L’alimentation des enfants s’est dégradée

CM : En 10 ans, le nombre d’enfants obèses a doublé et croît désormais de 5,7% par an. 1,5 million d’enfants sont touchés. Quels sont les coupables ? L’alimentation, les fabricants de produits alimentaires à destination des enfants, le prix des fruits et légumes,  la télé, les jeux vidéo, l’hérédité, les parents ? 
FMC : C’est tout cela à la fois, mais c’est l’alimentaire d’abord, même si l’industrie agro-alimentaire voudrait bien que l’on dise que ce ne sont que les jeux vidéo et la sédentarité ! Le premier risque d’obésité infantile, c’est d’avoir la télé dans sa chambre sans pouvoir « filtrer » les images.
C’est très difficile de pas avoir envie de se lever pour aller chercher de quoi grignoter quand on est devant la télé et que l’on voit un magnifique gamin qui mange des sucreries et qui, lui, n’a pas un pet de graisse ! Ce qu’il faut bien comprendre au sujet de l’obésité infantile, c’est que depuis que l’on a alerté la population, on a eu une stabilisation des chiffres pour les enfants depuis 2000… Mais ce qui est très grave et qu’il faut souligner, c’est que cette stabilisation ne concerne que les gens qui ont un esprit critique et sont capables d’entendre les messages, de les comprendre et de les appliquer.
Chez les populations socio défavorisées, le chiffre de l’obésité galope à toute vitesse et ce n’est pas prêt de s’arrêter.

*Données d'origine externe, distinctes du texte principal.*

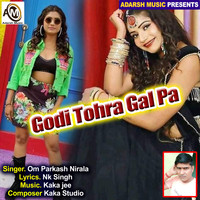 Godi Tohra Gal Pa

Et ce phénomène est prouvé par des enquêtes de 2006, donc très récentes et fiables. Et c’est tout à fait compréhensible puisque les messages nutritionnels que l’on reçoit sont principalement véhiculés par la publicité, directe ou indirecte. On a par exemple réussi à diaboliser le pain et à promouvoir les céréales alors que les céréales sont extrêmement grasses et sucrées et que le pain n’est pas cher et pourtant très bon pour la santé. Une chose qui m’agace aussi : on a institutionnalisé la collation à l’école…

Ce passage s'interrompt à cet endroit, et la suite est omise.